Whichever solution is taken for the lower layer, a higher layer interface also must be developed, which resides in the equivalent of the data link layer, communicating between the higher layer applications and the hardware. This interface enables the higher layers to be independent of the hardware when using TCP/IP, which many popular LAN operating systems are not currently able to claim.
Three interfaces (which have been mentioned earlier today) are currently in common use. The Packet Driver interface was the first interface developed to meet these needs. 3Com Corporation and Microsoft developed the Network Driver Interface Specification (NDIS) for OS/2 and 3Com's networking software. NDIS provides a driver to communicate with the networking hardware and a protocol driver that acts as the interface to the higher layers. Novell's Open Data Link Interface (ODI) is similar to NDIS.
For single-vendor, PC-based networks, several dedicated TCP/IP packages are available, such as Novell's LAN WorkPlace, designed to enable any NetWare system to connect to a LAN using an interface hardware card and a software driver.
Summary
Today I started an in-depth look at the TCP/IP protocol family with the Internet Protocol. I covered what IP is and how it does its task of passing datagrams between machines. The construction of the IP datagram and the format of the IP header are shown in detail.
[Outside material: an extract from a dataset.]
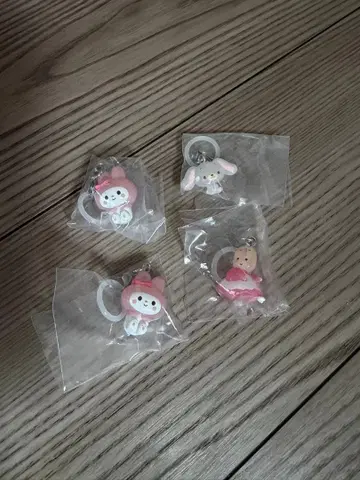 산리오 윳토 메지루시 액세서리 4개 세트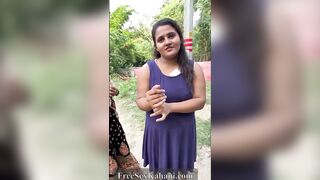 सड़क किनारे दो काल गर्ल ग्राहक को सेट कर रही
The construction of the IP header is important to many TCP/IP family protocol members, so you can use this knowledge in later chapters. I also looked at the Internet Control Message Protocol (ICMP), an important aspect of the TCP/IP system.
The next chapter moves to the next-higher layer in the TCP/IP layered architecture and looks at the Transmission Control Protocol (TCP). I also look at the related User Datagram Protocol (UDP). TCP and UDP form the basis for all TCP/IP protocols.
Q&A
Why does the IP header have a Time to Live field?
The easiest way to answer this is to consider what would happen without the field. A datagram with faulty information in the IP header could circulate around a network forever, forwarding from one gateway to another in search of a destination. With a Time to Live field, the number of bounces the datagram makes is limited. This has been proven to have an important effect on network traffic.
Give a one-sentence description of ICMP.
ICMP is an error-reporting system that communicates between different IP-based devices, providing information about status changes and failed devices.
What is a neighbor in the IP sense?
Neighbors are connected through a gateway. There is no physical restriction on the distance between neighbors. However, all neighbors share gateways.
How is an ICMP message datagram constructed?
The ICMP message, which can include part of the datagram that causes an ICMP message to be generated, has an ICMP header attached to the front of it. This is then passed to IP, which encapsulates it within an IP header. Finally, a network header is added when the datagram is sent over the network.
Quiz
- Explain why IP is important to the proper transmission of data.
- Show the construction of the IP header and the meaning of each element within the header structure.
- ICMP headers are quite small. Show the structure of a typical message header and the meaning of the bits within it.